Sunday, November 4, 2012

The Politics of Happiness


In a couple of days, the U.S. elections will be decided. As has been the case for more than a decade, many races are so close that the difference between winners and losers depends mostly on who is most motivated to actually vote. This leads to the inescapable conclusion that no matter who wins, at least half of us will lose. From a big picture perspective, however, all of us will lose, because virtually all the competitors have a fundamentally flawed worldview that practically guarantees it.

This worldview, that there are no limits to what can potentially be done to increase human happiness, is tempered only by the answers to questions that define people's values and seem to most influence how they vote. Such questions include: how much influence any of us should have over the happiness (and survival) of others; what, if any, is the minimum amount of happiness society should tolerate; and who (or what) can be denied the means of attaining happiness.
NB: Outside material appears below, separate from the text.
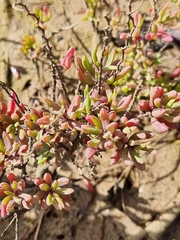 Suaeda arbusculoides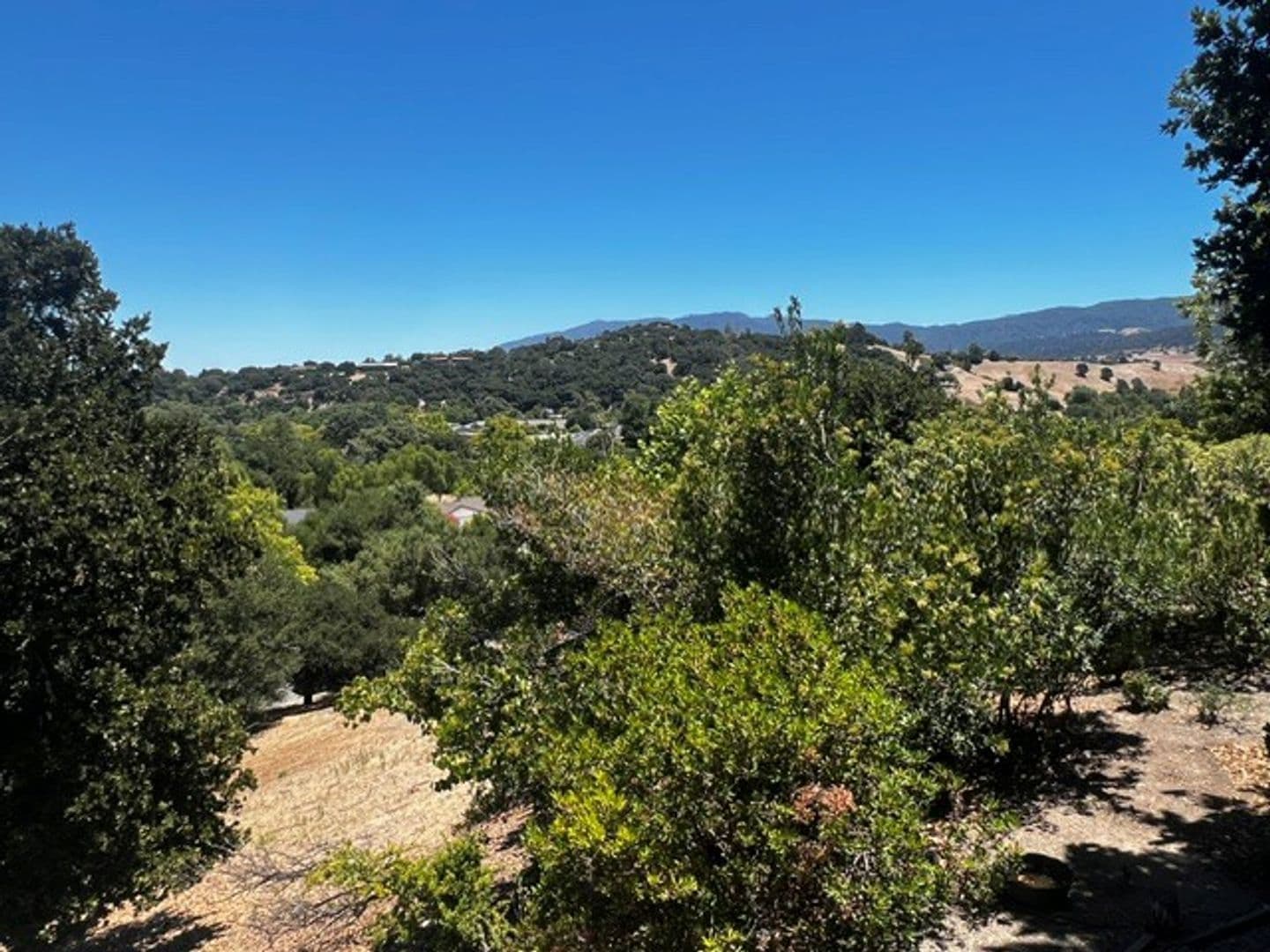 Solvang House: 736 Hillside Drive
If the worldview is right, then the proper application of ingenuity, effort, and social engineering by a society can sustain unending growth in the happiness of its members in accordance with its values.

The flaw in the worldview is the dependency between happiness and ecological impact: as happiness increases, we use greater and greater amounts of resources other species need to both survive and keep the world habitable. Over the past forty years, we've used so much that those species are going extinct at an alarming rate. Continuing and accelerating this trend is already endangering our own species, exemplified (but by no means limited to) the destabilizing effects of carbon pollution on the world's climate. As more species die off, and we directly consume many of the rest, the world will become so difficult to live on that our own life expectancy – and happiness, which is proportional to it – will reach a maximum and then drop in response, along with the number of people on the planet.

Worldwide, more people are getting this message, and are actively finding ways to at least become more efficient with how much happiness they get for the ecological resources they consume. Here in the U.S., we're still like adolescents who want the advantages of adulthood without the responsibilities, taking from our mother (Earth) without paying our own way. Other nations, such as the oldest in Europe, have experienced the consequences of overburdening their environments and learned to live within limits; we petulantly deride them for not being growth-oriented enough, not acknowledging that it is because they have already grown up.

Whatever the results of this year's election, we all need to work toward creating a healthier, more enlightened world, beginning with the people and places we personally interact with. Changing the dominant worldview is key to this; otherwise we will see a growing number of people lose much more in the years ahead.